Calories 93 Protein 1.5g Vitamin B6 0.58%
Fat 4.3g Vitamin A 0.66% Folate 0.49%
Saturated Fat 2.7g Vitamin C 0.57% Vitamin B12 1.8%
Polyunsaturated Fat 0.15g Calcium 5.3% Pantothenic Acid 1.5%
Monounsaturated Fat 1.2g Iron 0.26% Phosphorus 4.7%
Cholesterol 6.0mg Vitamin D 0.22% Magnesium 1.0%
Sodium 24mg Vitamin E 0.60% Zinc 1.2%
Potassium 72mg Thiamin 1.1% Copper 0.40%
Carbohydrate 12g Riboflavin 4.5% Selenium 3.0%
Fiber 0g Niacin 0.51% Manganese 0.08%
Sugars 12g

What You Learn
  • All white chocolate is not chocolate. If it's actually labeled as "white chocolate," it will be made from cocoa butter. If it says something like "white baking bar" or "white baking chips," it's made with palm kernel oil. It's not white chocolate. No matter how many times they put the word "premium" on the label, or what font they use, if it hasn't got cocoa butter, it can't be called chocolate.
  • Batch 02: Tea soaked in vodka, the color explodes and so does the flavor.
  • If you use lower-moisture white chocolate, you must bloom the dry tea before stirring it in. Using warm water will work, but using vodka is well nigh on brilliant.

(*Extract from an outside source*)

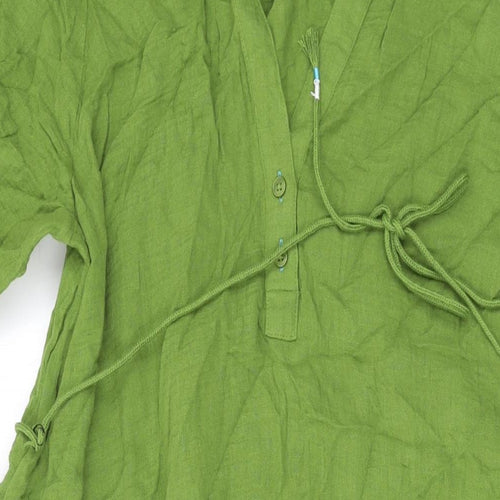 Per Una Womens Green Cotton Maxi Size 10 V-Neck Pullover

I have gotten in the habit of using vodka to soak saffron threads, and it works fantastically well for color and flavor extraction. And you do realize that all those extracts in the pantry are alcohol based, right?
  • Adding the extra liquid, however, means that the tea layer is a softer fudge than the milk layer. The original recipe puts the milk layer on top of the tea, but I reversed this to put the slightly softer tea layer on top.
  • If you can exercise a choice, please choose white chocolate and avoid white baking chips. Why, you ask? Yes, I know the chips are cheaper. But why do you hate orangutans so much? Seriously, what have they ever done to you? Not to be all in your face or anything, but you need to know, if you already don't, that our insatiable American desire for shelf-stable high-fat convenience foods means death to baby orangs. No, I am not just being dramatic. Ok, I am being dramatic, but it's still true that orang habitat on Borneo and Sumatra is being destroyed at an alarming rate, replaced by palm plantations. You know, for all that palm kernel oil.

1 comment:

  1. Brilliant research!! And I love how you write this up like how I would in my own bench lab book. I, too, am a huge fan of Thai tea, so I cannot wait to try out your recipe.